**What is required**
The answer should consist of each line below that contains the word "Large".

**Information provided**
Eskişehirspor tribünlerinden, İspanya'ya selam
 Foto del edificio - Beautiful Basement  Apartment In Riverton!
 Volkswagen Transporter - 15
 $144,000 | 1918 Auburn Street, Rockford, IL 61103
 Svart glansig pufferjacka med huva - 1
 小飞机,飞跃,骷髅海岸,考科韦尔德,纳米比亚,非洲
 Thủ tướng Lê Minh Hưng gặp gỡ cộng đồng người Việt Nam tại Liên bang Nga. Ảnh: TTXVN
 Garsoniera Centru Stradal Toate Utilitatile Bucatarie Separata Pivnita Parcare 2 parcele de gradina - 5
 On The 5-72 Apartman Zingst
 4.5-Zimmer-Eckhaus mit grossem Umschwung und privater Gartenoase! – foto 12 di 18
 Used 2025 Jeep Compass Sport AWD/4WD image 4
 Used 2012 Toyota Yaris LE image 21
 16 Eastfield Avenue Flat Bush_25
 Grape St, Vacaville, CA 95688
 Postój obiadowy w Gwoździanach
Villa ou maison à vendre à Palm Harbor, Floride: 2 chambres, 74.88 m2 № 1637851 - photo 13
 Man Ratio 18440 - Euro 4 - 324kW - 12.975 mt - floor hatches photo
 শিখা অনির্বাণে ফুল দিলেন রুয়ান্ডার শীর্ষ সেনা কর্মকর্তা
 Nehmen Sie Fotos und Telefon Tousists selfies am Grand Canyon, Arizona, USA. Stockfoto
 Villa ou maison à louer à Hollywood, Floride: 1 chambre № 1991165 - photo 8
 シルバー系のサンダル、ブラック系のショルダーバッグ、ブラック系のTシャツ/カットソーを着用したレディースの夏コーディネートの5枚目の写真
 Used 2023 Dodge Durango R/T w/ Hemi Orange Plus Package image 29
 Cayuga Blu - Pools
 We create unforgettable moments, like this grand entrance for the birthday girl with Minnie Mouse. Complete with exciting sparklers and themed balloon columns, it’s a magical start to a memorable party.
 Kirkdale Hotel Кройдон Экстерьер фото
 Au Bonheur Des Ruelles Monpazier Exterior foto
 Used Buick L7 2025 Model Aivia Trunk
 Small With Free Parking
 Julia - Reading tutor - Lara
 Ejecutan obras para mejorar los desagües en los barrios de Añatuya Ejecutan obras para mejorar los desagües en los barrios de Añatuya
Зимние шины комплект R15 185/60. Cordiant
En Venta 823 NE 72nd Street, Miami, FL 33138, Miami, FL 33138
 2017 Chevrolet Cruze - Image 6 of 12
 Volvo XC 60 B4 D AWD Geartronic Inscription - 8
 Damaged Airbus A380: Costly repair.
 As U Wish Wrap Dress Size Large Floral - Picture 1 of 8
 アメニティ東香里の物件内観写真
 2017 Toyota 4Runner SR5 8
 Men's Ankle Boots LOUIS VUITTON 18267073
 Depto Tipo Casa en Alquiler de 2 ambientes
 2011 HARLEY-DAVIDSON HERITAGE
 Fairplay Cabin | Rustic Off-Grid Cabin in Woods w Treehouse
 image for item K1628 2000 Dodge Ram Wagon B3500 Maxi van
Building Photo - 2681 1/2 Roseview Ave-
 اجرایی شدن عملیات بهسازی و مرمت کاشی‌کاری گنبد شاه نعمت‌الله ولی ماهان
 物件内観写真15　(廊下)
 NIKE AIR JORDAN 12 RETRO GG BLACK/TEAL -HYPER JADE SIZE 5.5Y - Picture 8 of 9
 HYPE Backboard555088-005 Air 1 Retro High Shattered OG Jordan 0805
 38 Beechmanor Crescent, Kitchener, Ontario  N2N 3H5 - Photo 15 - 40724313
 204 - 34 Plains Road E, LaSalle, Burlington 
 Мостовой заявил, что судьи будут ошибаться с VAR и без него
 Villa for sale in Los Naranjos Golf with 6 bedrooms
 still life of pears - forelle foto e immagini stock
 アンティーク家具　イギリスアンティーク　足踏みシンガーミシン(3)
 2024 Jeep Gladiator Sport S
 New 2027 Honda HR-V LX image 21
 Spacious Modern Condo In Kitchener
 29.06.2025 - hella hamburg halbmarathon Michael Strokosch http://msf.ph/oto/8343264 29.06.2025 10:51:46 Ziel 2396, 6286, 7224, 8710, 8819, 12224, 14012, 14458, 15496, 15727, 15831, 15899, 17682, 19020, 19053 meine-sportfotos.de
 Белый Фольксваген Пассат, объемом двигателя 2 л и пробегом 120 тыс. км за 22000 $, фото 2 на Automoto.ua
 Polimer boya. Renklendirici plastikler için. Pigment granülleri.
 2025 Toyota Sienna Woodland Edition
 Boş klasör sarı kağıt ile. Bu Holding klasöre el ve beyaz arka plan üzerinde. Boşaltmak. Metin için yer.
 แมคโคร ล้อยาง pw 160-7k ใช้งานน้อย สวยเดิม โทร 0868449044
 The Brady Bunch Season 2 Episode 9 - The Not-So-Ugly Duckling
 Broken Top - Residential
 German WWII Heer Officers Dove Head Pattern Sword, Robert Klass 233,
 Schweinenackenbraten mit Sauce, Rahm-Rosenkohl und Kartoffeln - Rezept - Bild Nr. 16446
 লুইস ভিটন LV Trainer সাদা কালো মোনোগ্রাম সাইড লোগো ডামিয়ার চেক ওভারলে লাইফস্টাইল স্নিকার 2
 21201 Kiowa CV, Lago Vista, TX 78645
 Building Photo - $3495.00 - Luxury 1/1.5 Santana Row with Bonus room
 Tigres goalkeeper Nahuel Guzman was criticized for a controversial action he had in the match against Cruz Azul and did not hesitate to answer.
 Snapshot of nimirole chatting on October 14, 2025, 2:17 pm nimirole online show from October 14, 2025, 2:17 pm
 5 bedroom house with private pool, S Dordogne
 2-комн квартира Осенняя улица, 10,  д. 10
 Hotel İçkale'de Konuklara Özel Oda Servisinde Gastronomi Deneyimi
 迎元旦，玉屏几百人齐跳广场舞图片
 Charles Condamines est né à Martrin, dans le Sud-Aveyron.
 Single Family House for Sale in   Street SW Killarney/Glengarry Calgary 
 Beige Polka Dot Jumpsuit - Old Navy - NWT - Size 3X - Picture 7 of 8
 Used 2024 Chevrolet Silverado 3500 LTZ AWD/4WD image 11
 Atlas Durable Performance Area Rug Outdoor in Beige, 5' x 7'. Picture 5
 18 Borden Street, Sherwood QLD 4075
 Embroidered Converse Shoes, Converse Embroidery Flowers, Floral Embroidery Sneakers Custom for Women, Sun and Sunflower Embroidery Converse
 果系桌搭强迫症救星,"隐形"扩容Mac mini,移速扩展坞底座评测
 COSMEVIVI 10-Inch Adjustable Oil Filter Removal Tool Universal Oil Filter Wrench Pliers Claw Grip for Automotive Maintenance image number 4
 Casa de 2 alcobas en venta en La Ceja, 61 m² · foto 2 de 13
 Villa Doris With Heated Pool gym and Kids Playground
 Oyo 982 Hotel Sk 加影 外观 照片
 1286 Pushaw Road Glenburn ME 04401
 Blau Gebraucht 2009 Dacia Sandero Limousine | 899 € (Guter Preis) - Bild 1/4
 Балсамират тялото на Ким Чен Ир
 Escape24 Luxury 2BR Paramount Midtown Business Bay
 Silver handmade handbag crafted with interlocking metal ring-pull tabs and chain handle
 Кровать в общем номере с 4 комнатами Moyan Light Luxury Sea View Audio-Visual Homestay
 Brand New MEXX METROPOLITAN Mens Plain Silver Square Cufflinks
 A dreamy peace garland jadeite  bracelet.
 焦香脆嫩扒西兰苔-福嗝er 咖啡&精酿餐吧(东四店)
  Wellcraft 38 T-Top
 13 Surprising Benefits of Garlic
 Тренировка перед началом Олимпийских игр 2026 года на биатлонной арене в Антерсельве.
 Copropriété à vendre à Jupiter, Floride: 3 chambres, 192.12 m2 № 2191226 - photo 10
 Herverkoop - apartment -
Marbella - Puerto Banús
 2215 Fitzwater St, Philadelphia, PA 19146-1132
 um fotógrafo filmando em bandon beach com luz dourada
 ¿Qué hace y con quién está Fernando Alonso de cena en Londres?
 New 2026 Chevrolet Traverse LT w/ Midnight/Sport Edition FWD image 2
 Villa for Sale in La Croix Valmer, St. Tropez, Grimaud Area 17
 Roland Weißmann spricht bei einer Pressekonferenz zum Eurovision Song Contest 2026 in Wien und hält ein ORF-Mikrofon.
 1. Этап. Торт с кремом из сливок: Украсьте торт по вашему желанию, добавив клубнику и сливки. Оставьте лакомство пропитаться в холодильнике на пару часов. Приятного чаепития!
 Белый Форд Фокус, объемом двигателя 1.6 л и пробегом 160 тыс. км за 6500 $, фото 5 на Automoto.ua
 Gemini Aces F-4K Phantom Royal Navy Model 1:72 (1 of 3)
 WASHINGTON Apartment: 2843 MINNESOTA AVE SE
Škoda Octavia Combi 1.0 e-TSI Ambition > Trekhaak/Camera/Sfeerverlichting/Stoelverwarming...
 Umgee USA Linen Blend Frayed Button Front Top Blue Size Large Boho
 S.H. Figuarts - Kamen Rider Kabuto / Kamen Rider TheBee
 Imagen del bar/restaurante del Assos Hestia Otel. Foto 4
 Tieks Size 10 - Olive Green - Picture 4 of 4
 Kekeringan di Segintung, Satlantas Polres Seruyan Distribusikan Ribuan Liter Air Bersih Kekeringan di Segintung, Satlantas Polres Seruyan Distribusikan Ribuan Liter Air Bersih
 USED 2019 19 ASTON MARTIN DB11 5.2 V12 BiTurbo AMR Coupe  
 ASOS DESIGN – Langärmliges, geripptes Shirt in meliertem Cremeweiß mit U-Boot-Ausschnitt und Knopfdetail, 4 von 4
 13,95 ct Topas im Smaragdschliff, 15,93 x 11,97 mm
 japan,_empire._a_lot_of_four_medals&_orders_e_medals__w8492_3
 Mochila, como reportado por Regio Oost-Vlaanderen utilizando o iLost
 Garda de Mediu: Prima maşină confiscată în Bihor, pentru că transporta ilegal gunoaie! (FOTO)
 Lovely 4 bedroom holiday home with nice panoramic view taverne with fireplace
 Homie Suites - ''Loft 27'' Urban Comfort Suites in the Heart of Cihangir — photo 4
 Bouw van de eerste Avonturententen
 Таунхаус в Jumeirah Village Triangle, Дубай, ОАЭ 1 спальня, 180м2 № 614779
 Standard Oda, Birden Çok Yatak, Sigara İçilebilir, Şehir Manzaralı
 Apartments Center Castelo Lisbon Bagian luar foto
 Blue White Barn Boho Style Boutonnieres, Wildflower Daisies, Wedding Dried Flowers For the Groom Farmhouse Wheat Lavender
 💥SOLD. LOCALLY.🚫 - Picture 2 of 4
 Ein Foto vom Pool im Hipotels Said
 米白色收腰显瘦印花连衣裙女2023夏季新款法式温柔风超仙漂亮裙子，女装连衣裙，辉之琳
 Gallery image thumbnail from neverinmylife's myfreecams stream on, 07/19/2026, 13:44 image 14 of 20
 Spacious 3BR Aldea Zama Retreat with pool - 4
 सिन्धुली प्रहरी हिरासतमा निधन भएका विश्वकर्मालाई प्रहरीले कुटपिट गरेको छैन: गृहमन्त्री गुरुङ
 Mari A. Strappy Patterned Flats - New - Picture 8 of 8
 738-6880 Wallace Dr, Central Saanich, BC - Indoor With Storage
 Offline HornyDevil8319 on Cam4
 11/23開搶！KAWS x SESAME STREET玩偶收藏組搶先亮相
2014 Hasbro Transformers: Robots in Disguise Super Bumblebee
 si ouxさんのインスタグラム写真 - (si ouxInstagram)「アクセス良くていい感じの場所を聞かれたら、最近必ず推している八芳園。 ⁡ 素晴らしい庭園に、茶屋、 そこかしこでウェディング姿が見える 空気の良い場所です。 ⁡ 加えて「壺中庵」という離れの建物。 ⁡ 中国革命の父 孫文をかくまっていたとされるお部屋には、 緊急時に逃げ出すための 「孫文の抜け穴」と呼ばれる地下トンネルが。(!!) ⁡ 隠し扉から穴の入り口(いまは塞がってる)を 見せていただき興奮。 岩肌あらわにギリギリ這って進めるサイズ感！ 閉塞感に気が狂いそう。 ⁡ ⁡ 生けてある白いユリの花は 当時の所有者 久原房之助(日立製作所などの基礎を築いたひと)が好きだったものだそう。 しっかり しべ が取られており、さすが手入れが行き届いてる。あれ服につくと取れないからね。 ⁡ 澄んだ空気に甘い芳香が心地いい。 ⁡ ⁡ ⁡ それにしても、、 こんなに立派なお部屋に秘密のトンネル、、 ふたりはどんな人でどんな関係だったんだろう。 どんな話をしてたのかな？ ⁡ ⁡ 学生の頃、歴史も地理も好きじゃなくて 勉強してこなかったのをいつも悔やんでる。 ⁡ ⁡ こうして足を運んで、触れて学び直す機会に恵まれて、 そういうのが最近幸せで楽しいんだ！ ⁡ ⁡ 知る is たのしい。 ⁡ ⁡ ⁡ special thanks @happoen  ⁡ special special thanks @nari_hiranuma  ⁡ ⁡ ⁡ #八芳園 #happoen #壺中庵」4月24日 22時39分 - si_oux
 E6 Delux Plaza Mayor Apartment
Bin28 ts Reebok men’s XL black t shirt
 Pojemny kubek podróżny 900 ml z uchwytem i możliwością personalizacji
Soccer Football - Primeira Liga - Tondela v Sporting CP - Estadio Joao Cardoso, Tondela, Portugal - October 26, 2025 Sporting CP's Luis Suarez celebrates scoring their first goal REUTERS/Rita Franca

**Output of the exercise**
 As U Wish Wrap Dress Size Large Floral - Picture 1 of 8
 Umgee USA Linen Blend Frayed Button Front Top Blue Size Large Boho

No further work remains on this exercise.